The steep slope DSP crossover makes things all the better—the panel is not asked to produce any bass at all, really. (If one runs the panel alone to the crossover box without the bass being connected, the output is gone by 100Hz—just out of there.)
The low crossover and the steep slopes also eliminate the possible effects of the switch from dipole for the panel to omni for the woofer. At such low frequencies, the ear really hears only the level, so if one matches the bass to panel level, coherence is complete.
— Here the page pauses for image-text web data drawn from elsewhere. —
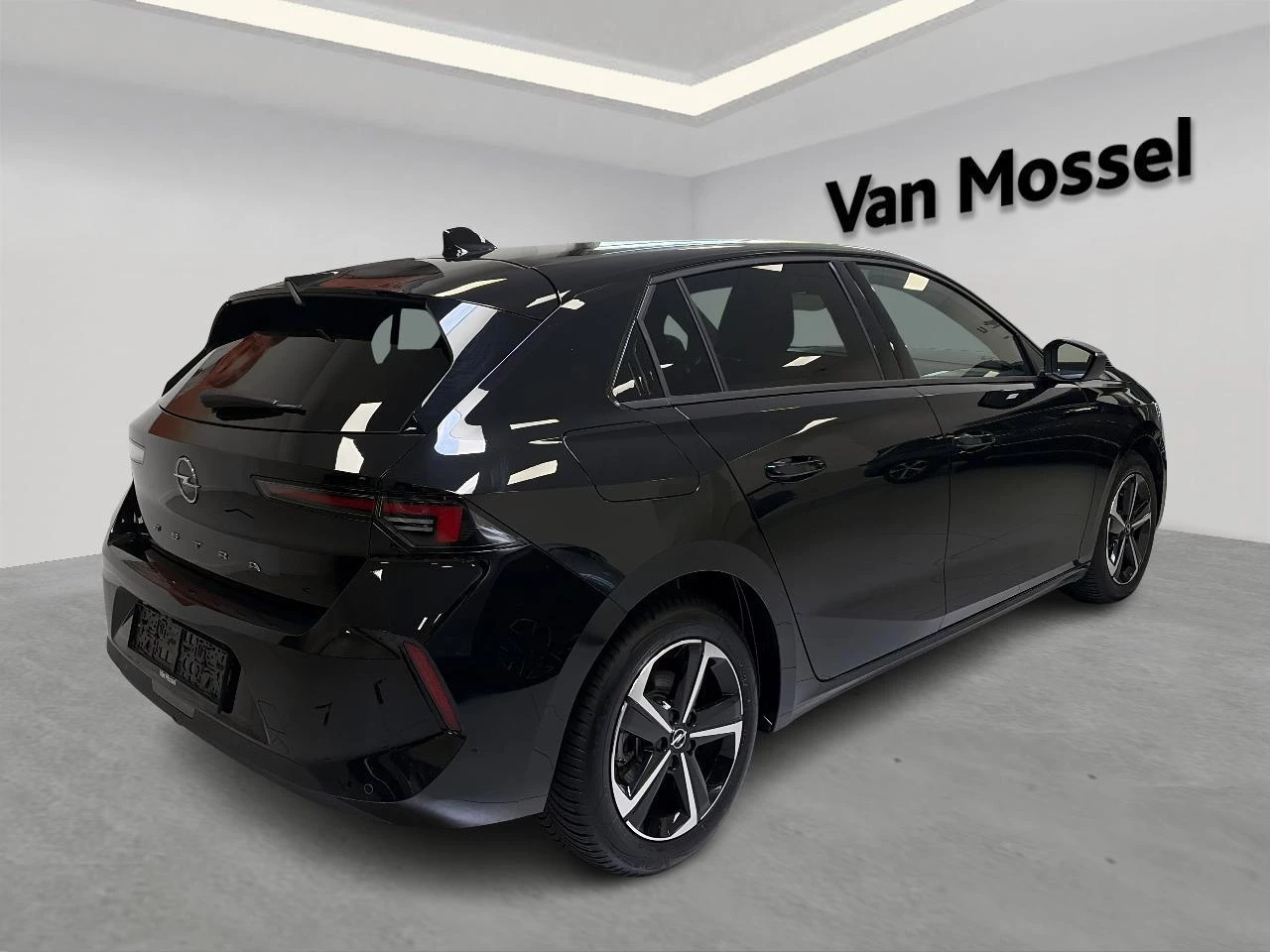 Opel Astra 1.2 Turbo 96kW S/S Edition Auto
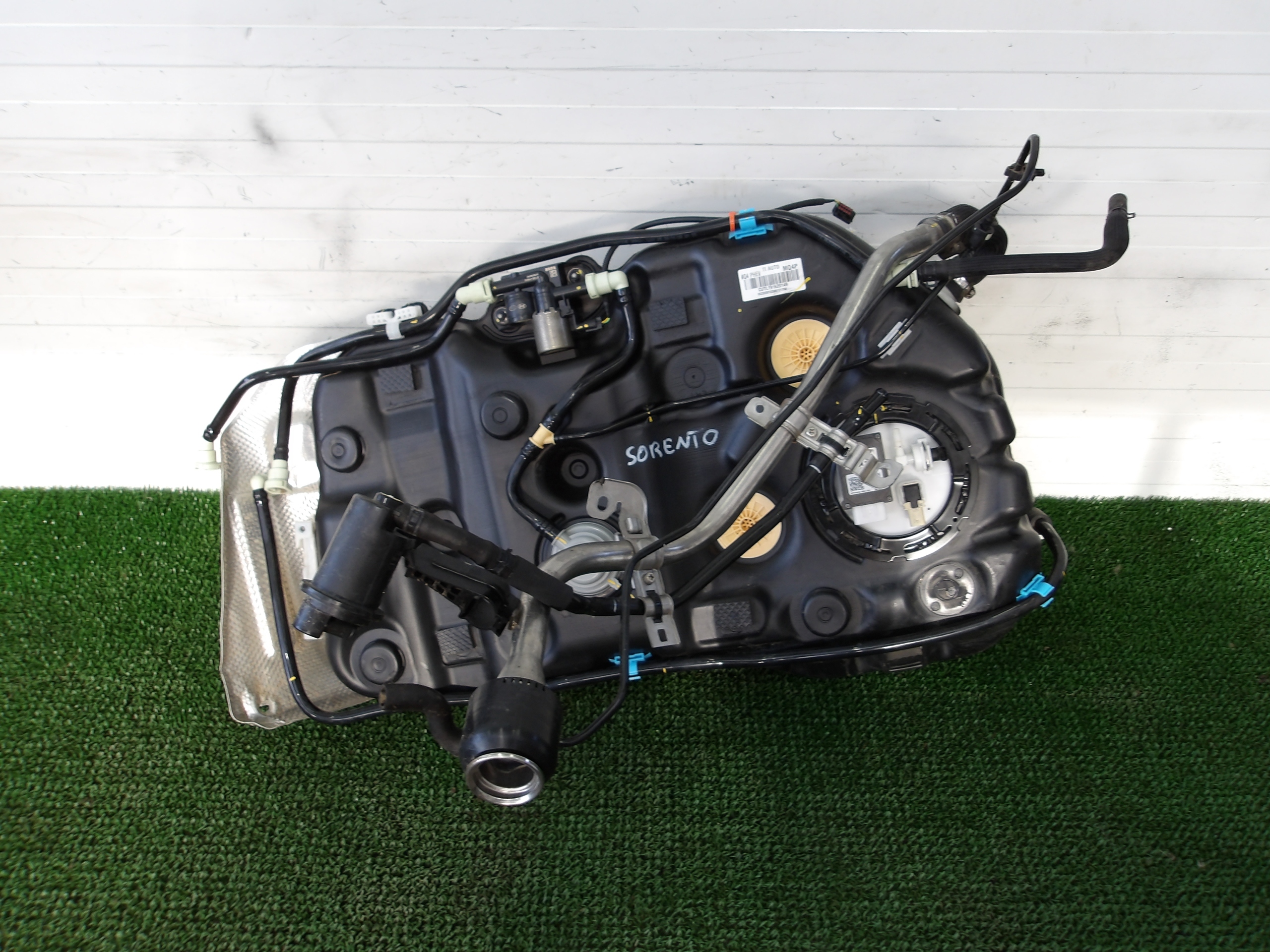 SORENTO IV 20- 1.6 TGDI PHEV tank Pumpe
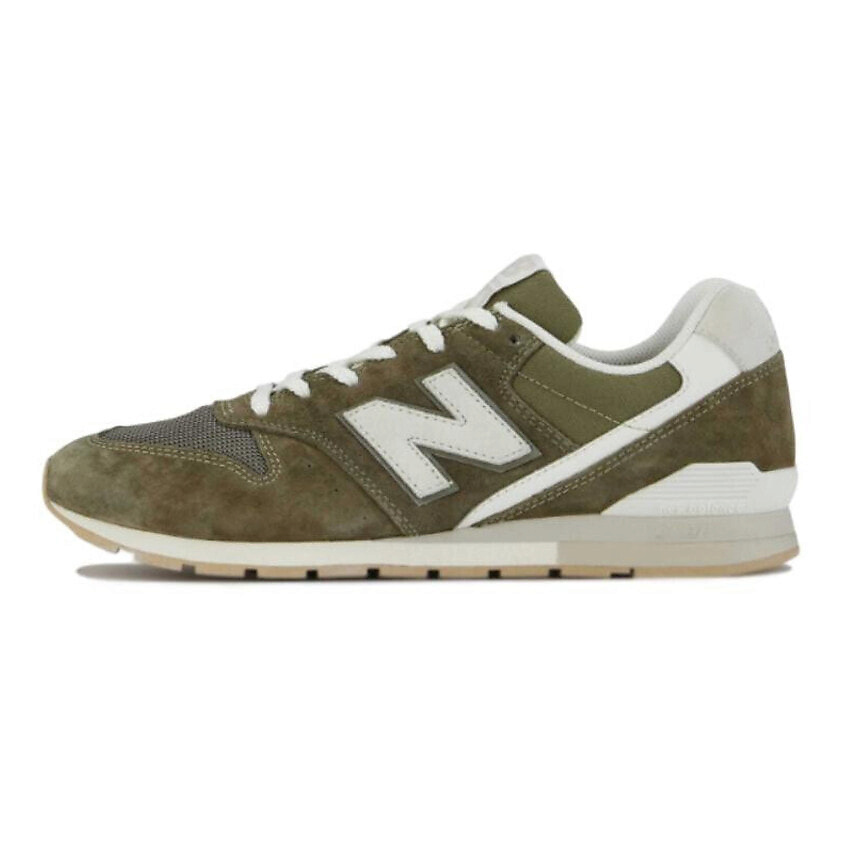 Изображение товара Кроссовки NEW BALANCE 996 Olive для активного образа жизни и спорта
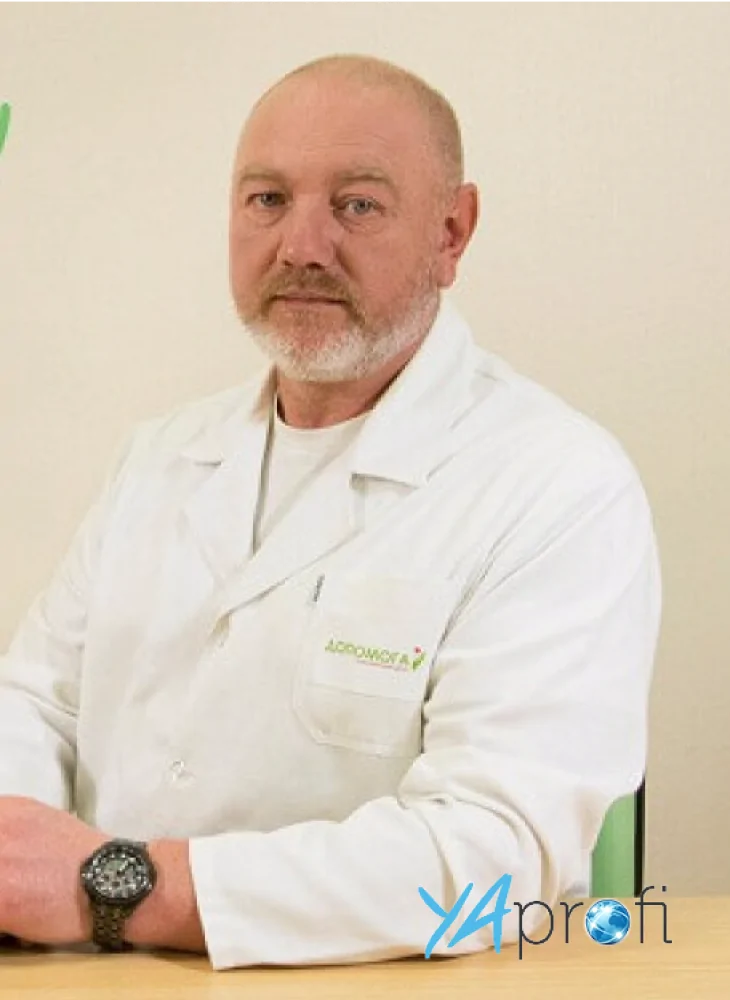 Коренюк Сергей Алексеевич (Допомога плюс)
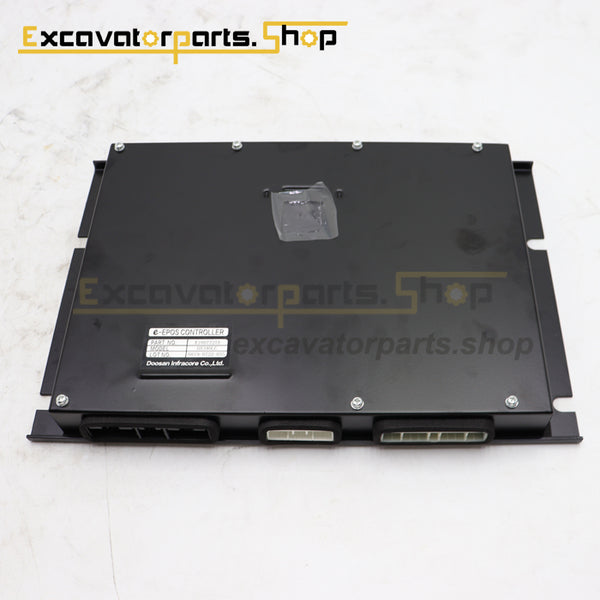 K1007727A 0819-0624-236 CONSTROLLER FOR DOOSAN EXCAVATOR DX340LC E-E-E-EPOS With Program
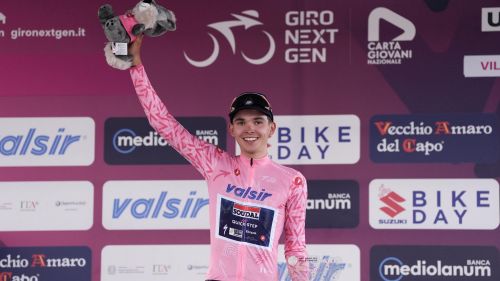 Si parte tra Giro di Svizzera, con una tappa subito dura a Sondrio, Belgio e Slovenia. E al Next Gen...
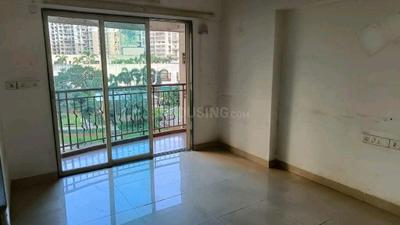 Bedroom Image of 1372 Sq.ft 3 BHK Apartment / Flat for rent in Nahar Yarrow Yucca Vinca, Powai Mumbai for Rs. 89000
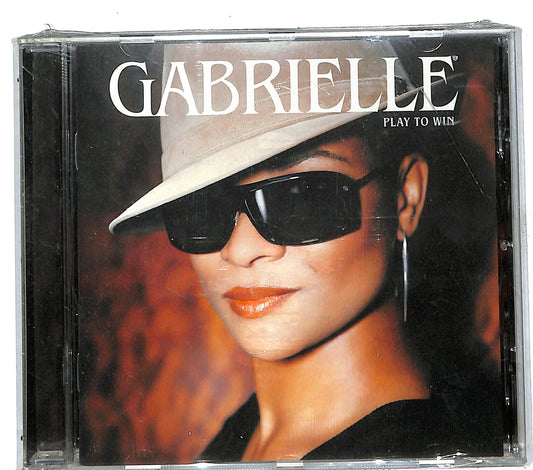 EBOND Gabrielle - Play To Win CD CD111608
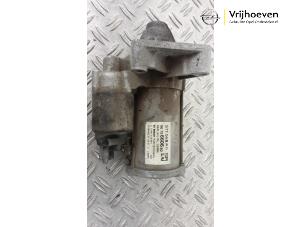Gebruikte Startmotor Opel Grandland (X) 1.6 CDTi 120 Prijs € 25,00 Margeregeling aangeboden door Autodemontage Vrijhoeven B.V.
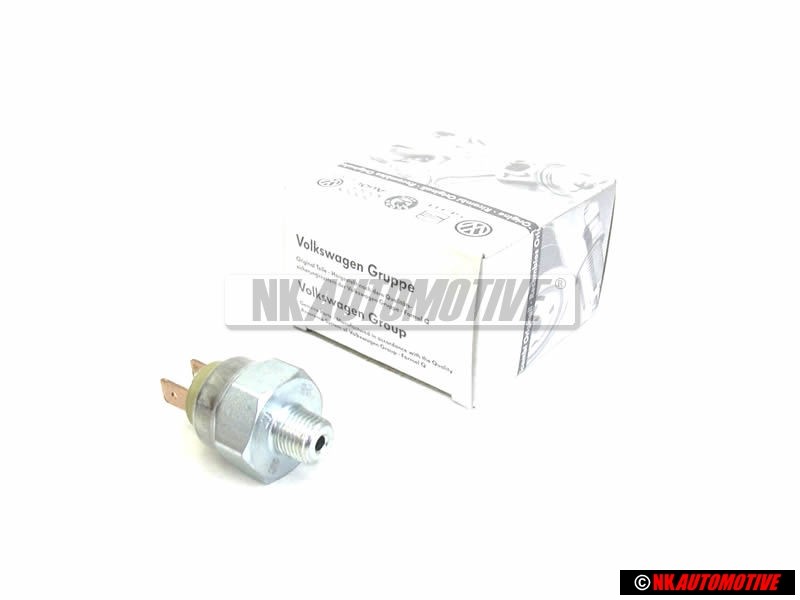 Genuine VW Brake Stop Light 2 Pin Switch - 113945515H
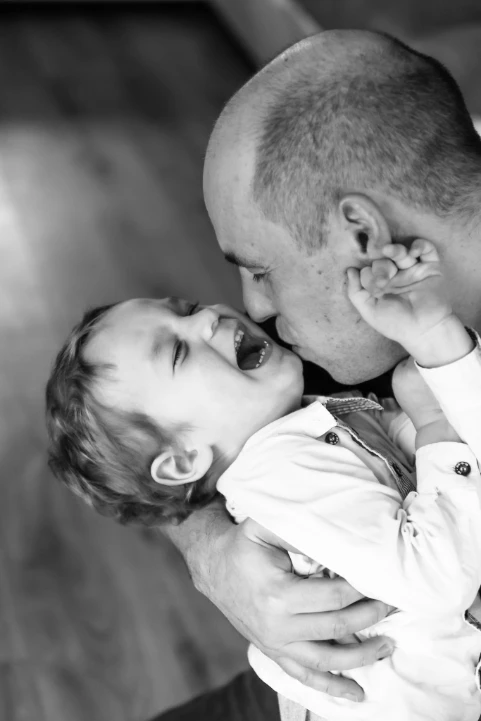 Familie-Baby - Zuhause - Fotografie Schneider Rostock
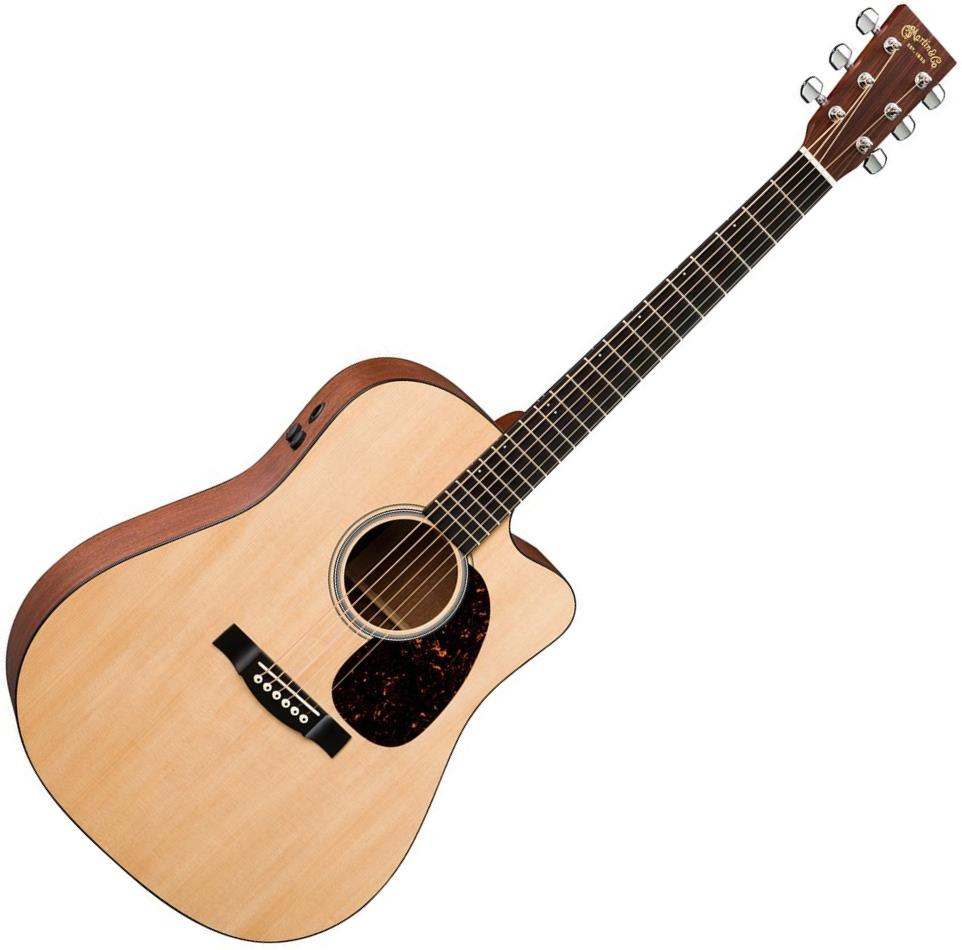 Martin DCPA4 Acoustic-Electric Guitar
And of course from the crossover point on up, there is only one driver in action. The panel operates as a pure dipole up to the point where the wavelength gets down to the minimum frontal dimension of the panel, which is 13 inches. This is the wavelength of 1kHz, and a little above that frequency the panel will become more directional in the horizontal plane with increasing frequency. (The panel is 40" high so directional behavior vertically happens much lower down. Floor and ceiling interaction is minimal above the bass.) The unity and coherence of using only one driver over the whole frequency range above the bass makes the idea of trying to build a soundfield by combining the output of lots of drivers crossed over in such a way that extremely precise time-alignment is needed to get them to work together seem more than a little misguided. There is a good reason that BBC speakers ran a single driver up to a high crossover point—but no crossover at all is even better.
This pattern has several effects. First of all, there is no “baffle step” in the midrange, no frequency where the pattern changes from omni to forward as there is in a box speaker. (Why, you may ask, is this subject almost never discussed in audio reviews? Good question!). The baffle step introduces a discontinuity in off-axis response, which for narrow-front speakers is right in the midrange, typically around 500–800Hz. The effect is a droop of about 3dB in this range in the response at 60 degrees off axis or so, which is typically what is bouncing off the wall to the listening position. Designers do their best to ameliorate the coloration effect of this. One approach is to use a wide baffle so that the baffle step is below the midrange (c.f., the JBL LSR6332 for example, off-axis responses shown here (jblpro.com/ProductAttachments/JBL.LSR6332.pdf). But with narrow-front floorstanders, the almost ubiquitous type of speaker, this is very likely to be a problem to some extent.
With the Sanders, the midrange has no such step at all. This uniformity of pattern, changing only at frequencies above the mids or below them, together with the absence of resonant coloration gives the midrange of the Sanders a lack of coloration that is truly in the top echelon. This is one of the lowest coloration speakers there is.
And to repeat, since there is only one driver above 170Hz, the speaker is also completely coherent. There is no crossover like no crossover. And ultra-low in distortion, both literally and in listening terms. Just what were you looking for here that is missing? Nothing that I can think of!